In view of these objections I find it particularly ironic that I am reflecting on my homeschooling experience while sitting in the sunlight on a little hill by The International House at UC Berkeley.  I am about to play my Charango (a South American stringed instrument made from an Armadillo shell) as part of a troupe of guitarists from the local community college.  The International House is hosting an international festival and my guitar teacher, a native of Ecuador, has brought us to play for the celebration with a variety of ethnic Folk dancers and other musicians.

So how did I answer the objections of my peers in college whose experiences in education had mostly been very different from mine?   As I reflect on my own experiences with homeschooling, what sticks out most to me is how very different reality was from the stereotypes people so often wrestle with.  To be isolated, to be uninvolved is a choice, but is has nothing to do with homeschooling.  My earliest memories of homeschooling are not at home, but at the local library for a children's story hour.  I sat on (seemingly) gigantic steps in a vast auditorium and listened to the children's librarians read books aloud and narrate stories.  When the stories were over I could briefly wander through the mountainous stacks and select a few books to be read to me (or later to read on my own).  I have perused the children's section of the library as an adult, and am amused to find a small auditorium with child sized steps.  The stacks seem smaller too, but on top of them I saw the model of the Spanish Mission at San Juan Bautista.  We visited that mission as a family; I did not know at the time that I was learning or that this was in any way “school”, but it most certainly was.  Over here, above the biographies there are intricate models of old sailing ships.  I remember my father reading aloud the biography of Nathaniel Bowditch, a mathematician and sea captain of the 18th and 19th centuries.  When my father read “Carry On, Mr Bowditch” and talked about logarithms and traced the slow journeys of Bowditch's ships on a wall atlas, I didn't think that this was homeschooling, or that I was studying math and history and science, but I was.

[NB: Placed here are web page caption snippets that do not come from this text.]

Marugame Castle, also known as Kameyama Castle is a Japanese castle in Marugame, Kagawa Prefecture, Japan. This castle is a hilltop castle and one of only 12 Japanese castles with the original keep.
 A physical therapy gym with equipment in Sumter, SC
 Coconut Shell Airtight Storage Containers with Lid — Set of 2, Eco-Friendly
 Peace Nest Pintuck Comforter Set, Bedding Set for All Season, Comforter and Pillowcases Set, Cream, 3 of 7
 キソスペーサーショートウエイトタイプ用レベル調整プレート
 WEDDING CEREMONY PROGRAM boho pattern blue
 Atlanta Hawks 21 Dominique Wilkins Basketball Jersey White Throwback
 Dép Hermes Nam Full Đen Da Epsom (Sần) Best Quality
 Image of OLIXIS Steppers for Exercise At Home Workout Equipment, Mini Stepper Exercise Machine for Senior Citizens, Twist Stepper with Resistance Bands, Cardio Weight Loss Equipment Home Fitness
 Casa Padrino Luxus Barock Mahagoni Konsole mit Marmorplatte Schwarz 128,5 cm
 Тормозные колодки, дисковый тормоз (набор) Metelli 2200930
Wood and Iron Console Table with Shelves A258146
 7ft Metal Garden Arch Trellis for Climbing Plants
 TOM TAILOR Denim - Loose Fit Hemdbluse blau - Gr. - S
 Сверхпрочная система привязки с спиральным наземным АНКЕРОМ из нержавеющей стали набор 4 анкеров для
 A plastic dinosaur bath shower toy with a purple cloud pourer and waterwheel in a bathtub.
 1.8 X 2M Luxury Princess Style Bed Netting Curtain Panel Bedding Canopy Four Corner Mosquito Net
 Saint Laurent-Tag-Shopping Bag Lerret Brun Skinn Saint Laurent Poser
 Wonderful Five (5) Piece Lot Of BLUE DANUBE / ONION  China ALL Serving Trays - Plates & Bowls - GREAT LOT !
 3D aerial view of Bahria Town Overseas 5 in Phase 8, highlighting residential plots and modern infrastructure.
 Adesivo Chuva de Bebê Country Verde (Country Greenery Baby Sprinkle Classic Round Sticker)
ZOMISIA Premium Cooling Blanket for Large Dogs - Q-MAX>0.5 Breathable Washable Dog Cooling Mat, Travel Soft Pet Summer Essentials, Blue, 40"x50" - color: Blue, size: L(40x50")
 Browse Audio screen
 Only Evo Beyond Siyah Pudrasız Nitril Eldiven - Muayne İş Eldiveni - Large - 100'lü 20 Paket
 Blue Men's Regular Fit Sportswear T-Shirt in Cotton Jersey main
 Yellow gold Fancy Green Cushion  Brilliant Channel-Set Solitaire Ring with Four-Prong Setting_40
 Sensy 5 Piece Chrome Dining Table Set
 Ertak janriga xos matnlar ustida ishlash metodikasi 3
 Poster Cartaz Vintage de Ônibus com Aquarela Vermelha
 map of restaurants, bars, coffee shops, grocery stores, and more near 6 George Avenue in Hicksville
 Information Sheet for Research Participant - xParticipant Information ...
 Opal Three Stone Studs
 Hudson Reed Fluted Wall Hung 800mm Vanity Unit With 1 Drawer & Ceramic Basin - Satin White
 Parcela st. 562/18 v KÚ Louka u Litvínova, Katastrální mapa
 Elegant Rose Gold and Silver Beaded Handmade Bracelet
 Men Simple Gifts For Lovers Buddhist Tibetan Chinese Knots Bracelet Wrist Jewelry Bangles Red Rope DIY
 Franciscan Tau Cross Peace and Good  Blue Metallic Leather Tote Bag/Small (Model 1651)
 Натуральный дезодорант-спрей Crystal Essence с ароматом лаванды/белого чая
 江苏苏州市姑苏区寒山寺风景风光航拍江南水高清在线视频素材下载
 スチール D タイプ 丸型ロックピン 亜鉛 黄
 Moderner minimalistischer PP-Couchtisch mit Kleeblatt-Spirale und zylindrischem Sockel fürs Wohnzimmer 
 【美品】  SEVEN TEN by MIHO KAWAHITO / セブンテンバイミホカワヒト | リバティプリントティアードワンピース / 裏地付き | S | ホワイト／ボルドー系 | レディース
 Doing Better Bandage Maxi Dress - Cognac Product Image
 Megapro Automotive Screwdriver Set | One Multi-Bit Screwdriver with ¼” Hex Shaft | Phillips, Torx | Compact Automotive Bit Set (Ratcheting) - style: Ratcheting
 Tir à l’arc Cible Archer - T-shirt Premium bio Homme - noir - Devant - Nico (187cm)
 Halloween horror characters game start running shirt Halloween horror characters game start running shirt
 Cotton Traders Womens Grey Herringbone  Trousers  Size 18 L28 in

For me homeschooling was simply life.  It is true, that like any other child involved in education I had times where I simply had to sit at a desk with a workbook and study.  It is also true, however, that I learned as much from reading, from working on construction projects with my father and cooking at a camp in the Sierras with my mother, (and playing in Band, and interning at the library, etc, etc) as I did during any more formal classroom sessions.

I know, I know, I can hear the objections already.  Didn't I end up with an education that left me unprepared for college?  All that time with the family sounds like a lack of socialization to my peers.  And even if I was knowledgeable, I probably lacked the discipline or practice to buckle down to the kinds of study and homework that college requires.

My experiences were quite the contrary.  Age segregated schools create unusual and artificial environments in which everyone is exactly the same age.  I was in fact more prepared at 16 than many of my fellow college freshman to engage in the kind of inter-generational relationships that my college, with its diverse student body, required.  My most common experience in college, especially for the first two years, was amazement that the classes were so easy while those around me thought them so hard.  I felt almost that the lower division general education requirements constituted remedial education, making up for gaps in most high school graduate's understanding of writing, science, history, literature, math, economics, and so on.  Finally, when I moved on to get my BS in Computer Science at CSU Stanislaus I found that my experience with self-directed education stood me in good stead as I buckled down to studying advanced math, science, and programing classes.  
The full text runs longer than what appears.